A cientista política observa três movimentos importantes no tabuleiro político nos últimos meses, todos relacionados ao presidente da Câmara. O primeiro, ao longo do segundo semestre de 2015, quando ficou clara a até então não declarada convergência dos interesses de Temer e Cunha. O segundo, o posicionamento do PT, que saiu do muro e votou contra Cunha no Conselho de Ética, o que isolou o PSDB deixando-o em situação desconfortável ao lado do acusado de ter contas não declaradas no exterior movidas a dinheiro de corrupção. E o terceiro, a virada da situação a favor do governo, até o início de dezembro aparentemente muito mais favorável à oposição.

O fator Renan

Com o julgamento do Supremo Tribunal Federal, que desmontou a farsa da montagem da comissão processante do impeachment, o jogo virou para o governo. Para Orlando Silva, um peemedebista teve papel fundamental para 2015 ter se encerrado com cenário positivo: o presidente do Senado, Renan Calheiros. “A decisão do Supremo, a partir de ação do PCdoB, deu fôlego ao governo, de um lado, e de outro Renan Calheiros teve um papel chave nas decisões sobretudo relativas ao orçamento”, avalia.

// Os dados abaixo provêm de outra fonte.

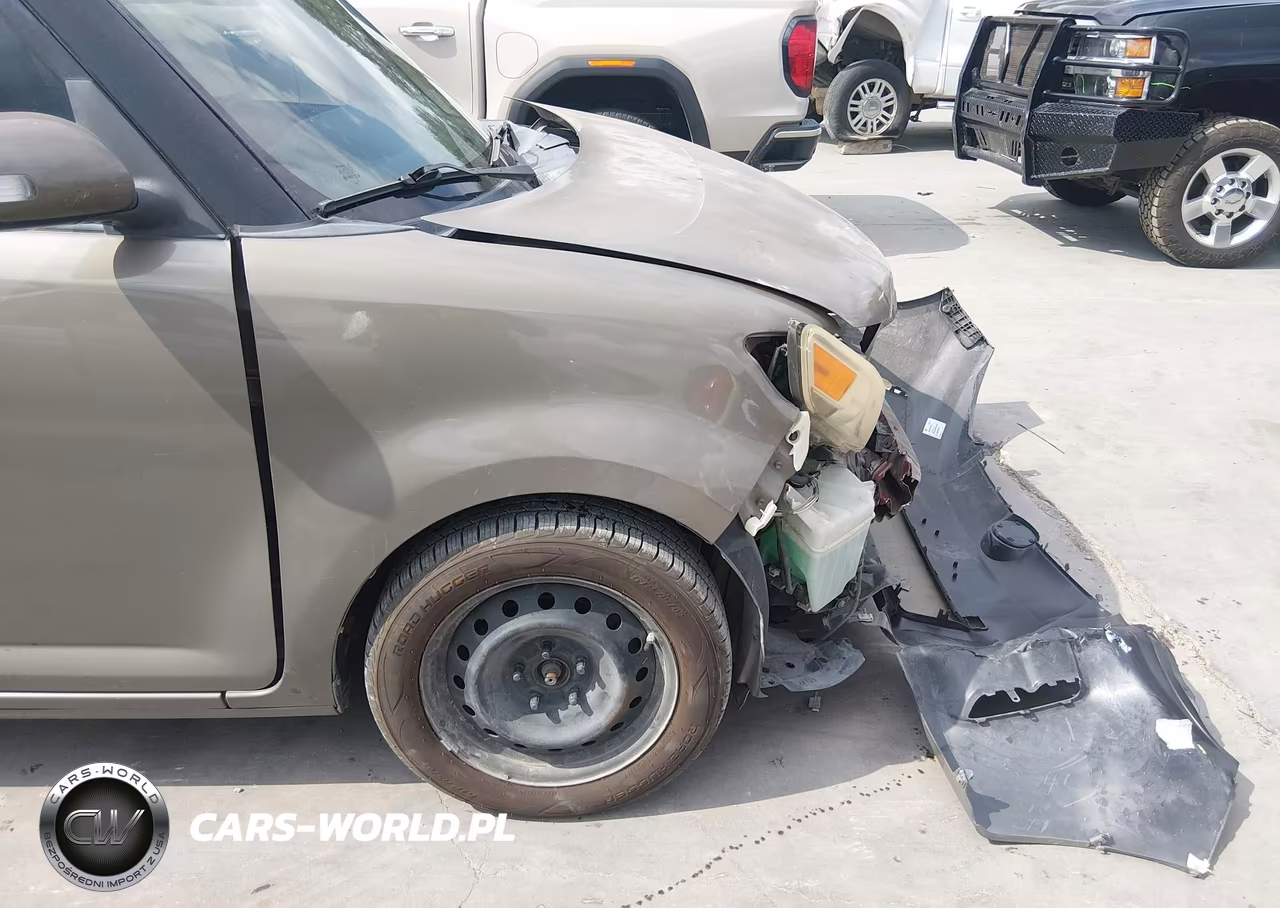 2013 Scion Xb VIN:JTLZE4FE3DJ046123 - 19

A atuação de Renan é um dos fatores que faz a situação do governo no Senado ser mais confortável.

“Poderíamos ter hoje uma outra realidade política se o presidente do Senado fosse um homem que não tivesse o compromisso com a governabilidade que Renan demonstrou ter”, diz o parlamentar do PCdoB. Mas Renan é confiável? “Mais importante do que a opinião que cada um tenha sobre Renan é a análise do papel concreto que ele jogou nesse último período”, avalia.

Finalmente, Maria do Socorro diz que, apenas para considerar a hipótese improvável de o PMDB sair completamente do governo, a situação ficaria muito difícil para Dilma. “O PT tem uma base pequena e a governabilidade seria muito difícil. O PMDB acaba dando força e trazendo problemas também, aliás, em 2015, só criou problemas. Até parece que sem ele seria melhor, mas o governo já tem dificuldade de manter maioria simples, imagine então a qualificada, sem o PMDB”, diz a professora.

Os governistas, porém, estão longe de uma posição confortável e de poder comemorar qualquer vitória, alerta Orlando Silva. “O governo precisa continuar com humildade. Não é hora de fazer bravata dizendo que tem 250 votos”, diz, alfinetando o ministro da Casa Civil, Jaques Wagner, que no início da semana previu que esse seria o número de votos contra o impeachment na Câmara. “É hora de consolidar sua base, porque é uma base muito frágil, fragmentada, pouco unificada. Nada me leva a crer que de repente isso mudou, da noite para o dia”, diz.